DATA SECTION
▼▼▼

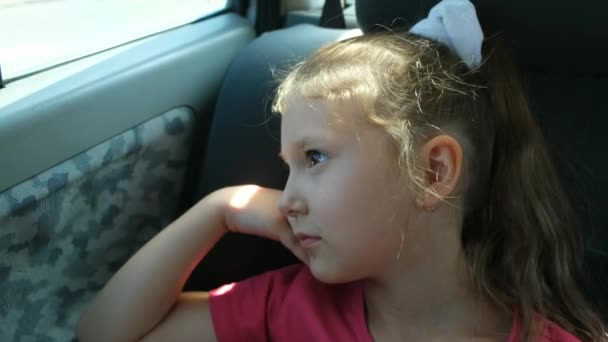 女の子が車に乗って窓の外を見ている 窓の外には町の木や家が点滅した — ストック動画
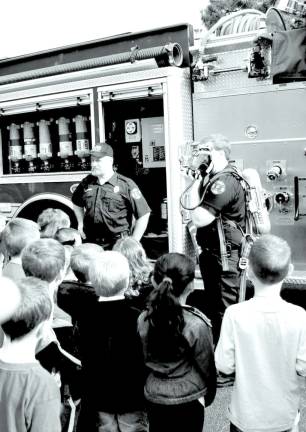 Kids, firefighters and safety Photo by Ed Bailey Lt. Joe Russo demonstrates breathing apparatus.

▲▲▲
▼▼▼

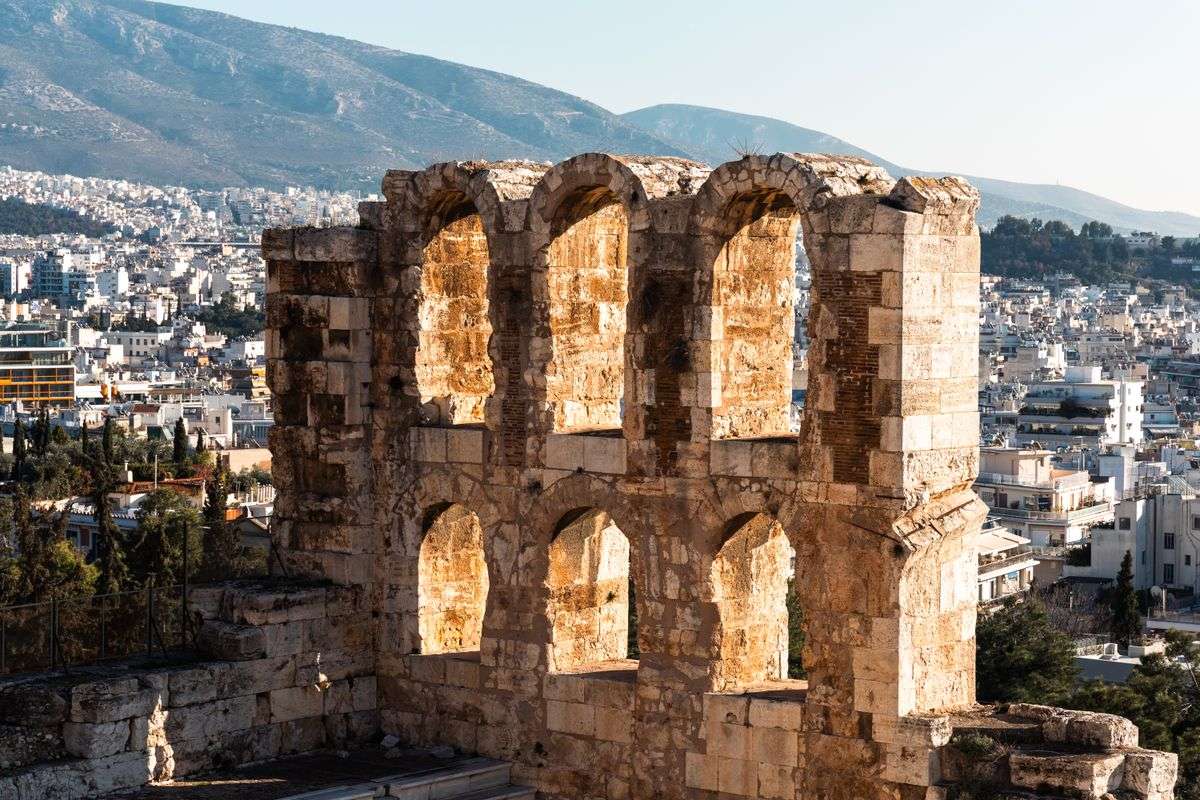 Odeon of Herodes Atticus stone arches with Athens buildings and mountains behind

▲▲▲

EXERCISE
In the records above, find the line with "女の子が車に乗って窓の外を見ている 窓の外には町の木や家が点滅した — ストック動画" and the line with "Kids, firefighters and"; please transcribe exactly those two lines and all lines between them, omitting any picture.

EXERCISE ANSWER
 女の子が車に乗って窓の外を見ている 窓の外には町の木や家が点滅した — ストック動画
 Kids, firefighters and safety Photo by Ed Bailey Lt. Joe Russo demonstrates breathing apparatus.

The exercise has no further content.